What you’re looking for initially is co-founding talent — someone who has a resume you don’t.

For example, I had no travel industry or rental car experience when I started Silvercar. I needed someone with a resume that filled those gaps. So, my partner ended up being an airline CEO who had worked on a startup airline. He had 20 years more experience, had worked for big airlines, had knowledge I didn’t.

But there are other considerations as well.

Are you going to enjoy working with this person? Are they smart enough to help you create the business plan?

And most importantly, can they help you get funded? Not necessarily through capital connections, but with the resume and the experiences that makes you look better as a venture?

Here’s something else to think about: Is this person going to be able to make it through a long period where they’re not getting paid?

I didn’t bring on my CMO, Jamie, until we were funded, because she’s younger and couldn’t afford to suffer through months with no pay.

In the pre-funding stage, you look at all angles. You look at the big picture. You try to bring in someone who’s in it for the long haul.

The Seed Funding Hire

After you’ve been funded and are in the seed phase, you look for a different hire.

You still want someone who can fill in gaps but has a specific skill set.

At this point, roles are more defined — yet not overly defined. It’s more like a consulting team where people have general responsibilities.

It’s good to augment the staff with one person who can work in a research-heavy role, because you probably haven’t done as much research as necessary.

For me, that person was Jamie.

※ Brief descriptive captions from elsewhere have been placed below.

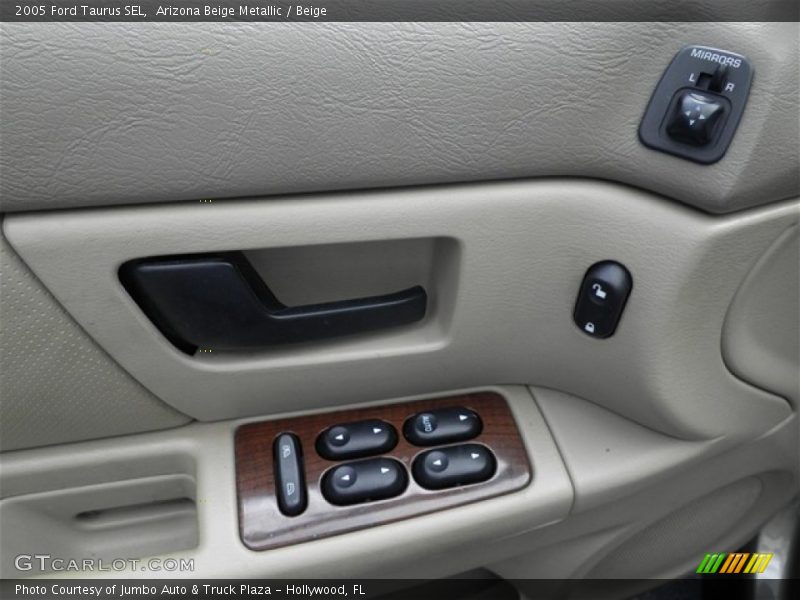 Arizona Beige Metallic / Beige 2005 Ford Taurus SEL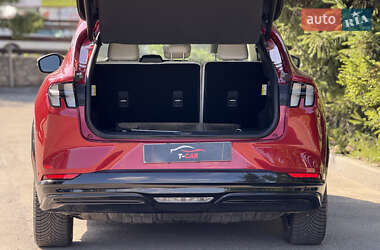 Внедорожник / Кроссовер Ford Mustang Mach-E 2021 в 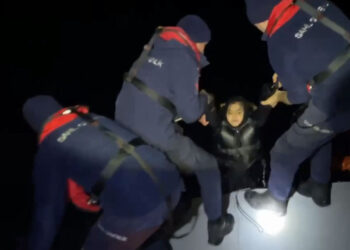 Lastik bottan düşen 3'ü çocuk 6 kaçak göçmen hayatını kaybetti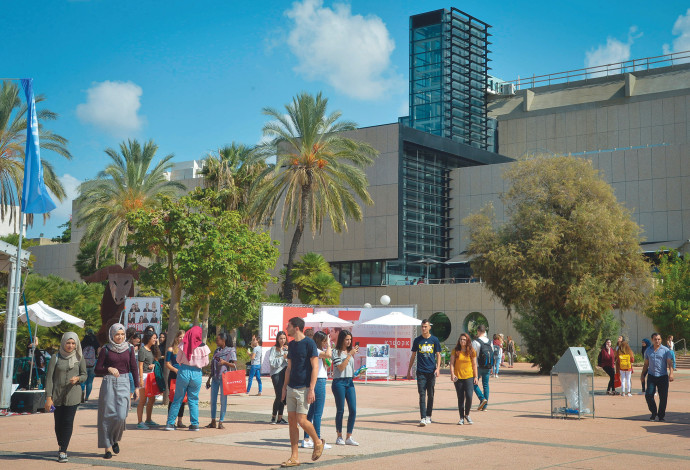 אוניברסיטת תל אביב בימים שלפני הקורונה (צילום:  פלאש 90)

She’s now our Chief Brand Ambassador and CMO at Washlava. When I hired her, people were shocked that I brought on a CMO so early.

They said, “There’s nothing to actually market at that point, right? It’s just a concept, and you’re spending money on research and development. Why would you hire someone to do marketing?

I brought Jamie on because she knew the data and could do extremely accurate market sizings. Any consumer research we needed, she did it. She spent three years in the laundromat industry, and she knew who to call for more information.

She was grounded in the research. And now, she’s grounded in our value proposition because she helped build it.

It’s true, there’s not really anything to market to at the beginning stage. But she actually was doing our marketing. She was creating the way our content looked and felt, the brand strategy, the materials to make the venture look attractive.

If it looks sloppy or amateurish, investors won’t bite.

Nor should they. Startups don’t invest heavily in their product early on.

They invest in branding. They invest in the image, the look, the feel of what they’re doing. They’re don’t convince people they can build a great product — they convince everyone they have a good strategy and concept to attack it.

So, you need people who can create structured outputs and do the necessary research.

Sure, there’s belief in the concept going in, but you need to increase that belief and confidence level several times during the seed phase to get to the next point in your funding.

That’s why it’s essential you bring people on who can fill those partner and research roles, who can increase that belief level and help make you attractive to investors.

They may not sound glamorous, but they’re some of the most important hires you’ll make.